Your task
Copy exactly and only the lines running from the one that contains "Within Clarity, to" to the final line of the data below, without the pictures.

--- Provided data Enclosed Below ---

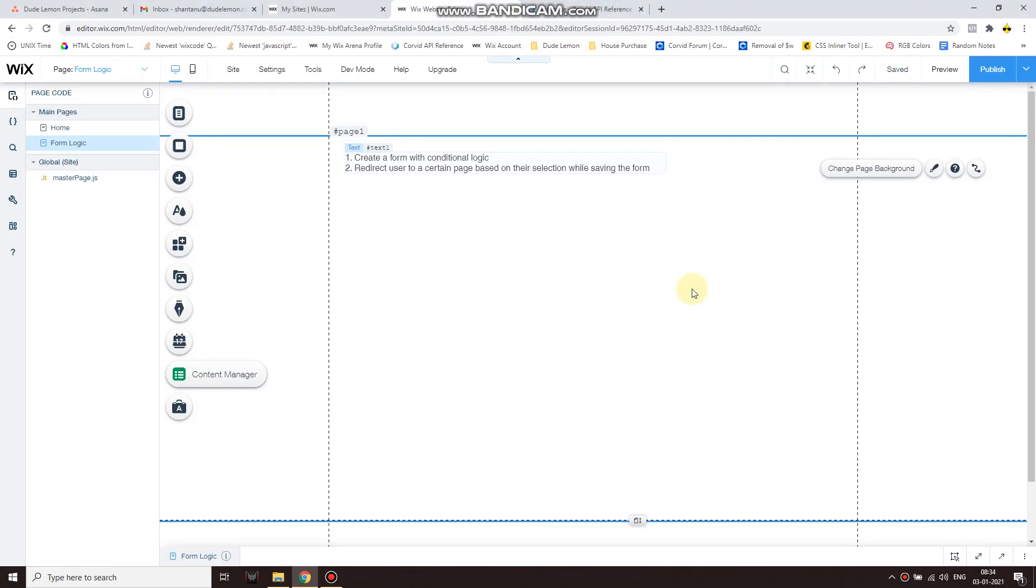Hello guys, in this video I'm going to show you how you can create a form with conditional logic. Based on the user selection, you can redirect them to either one page or another page. Now user redirection is just an option - you can take other actions as well in place of redirecting a user to a page.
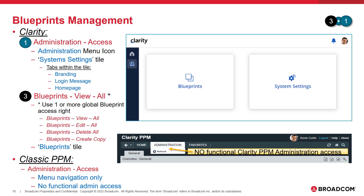Within Clarity, to manage blueprints, the administrator needs to have one or more blueprint right granted plus the Administration Access right. With this combination, the admin can manage all blueprints and system settings in Clarity. No additional administration activities can be performed within Classic PPM.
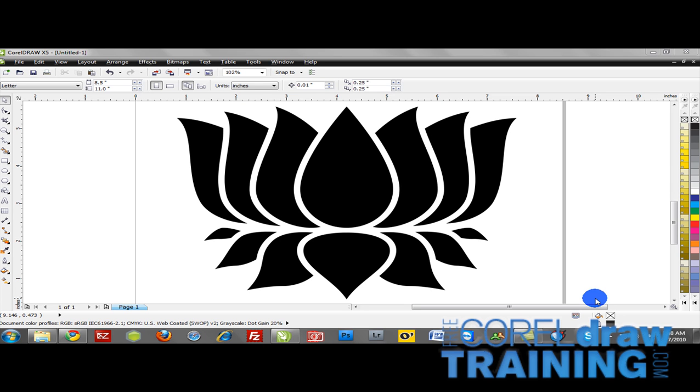Welcome to Free CorelDrawTraining.com. In today's tutorial we're going to talk about a really cool tool and this is the mesh fill tool.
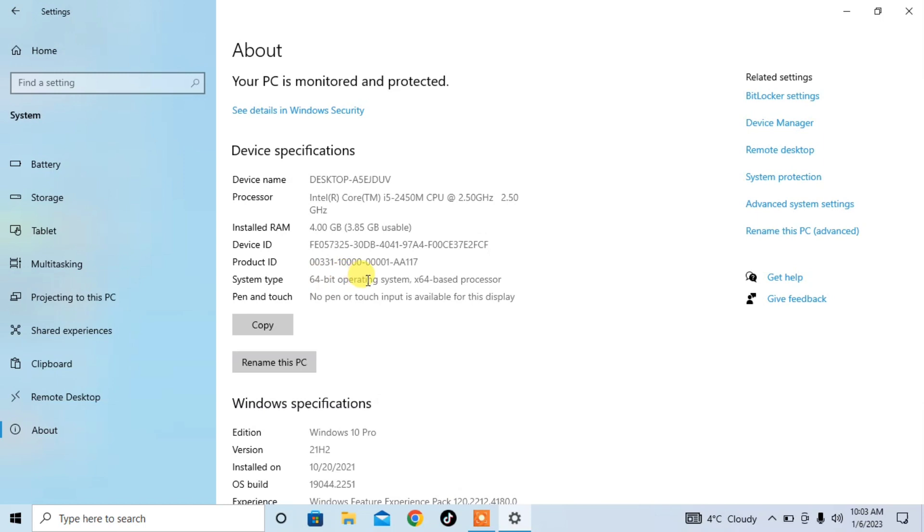So this is how you can check whether your system is 32-bit or 64-bit in Windows 10. If this video helps you, please subscribe to my channel and hit the like button. Thanks for watching, thanks for your time, goodbye!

--- End of Enclosed Provided data ---

Answer below
Within Clarity, to manage blueprints, the administrator needs to have one or more blueprint right granted plus the Administration Access right. With this combination, the admin can manage all blueprints and system settings in Clarity. No additional administration activities can be performed within Classic PPM.
Welcome to Free CorelDrawTraining.com. In today's tutorial we're going to talk about a really cool tool and this is the mesh fill tool.
So this is how you can check whether your system is 32-bit or 64-bit in Windows 10. If this video helps you, please subscribe to my channel and hit the like button. Thanks for watching, thanks for your time, goodbye!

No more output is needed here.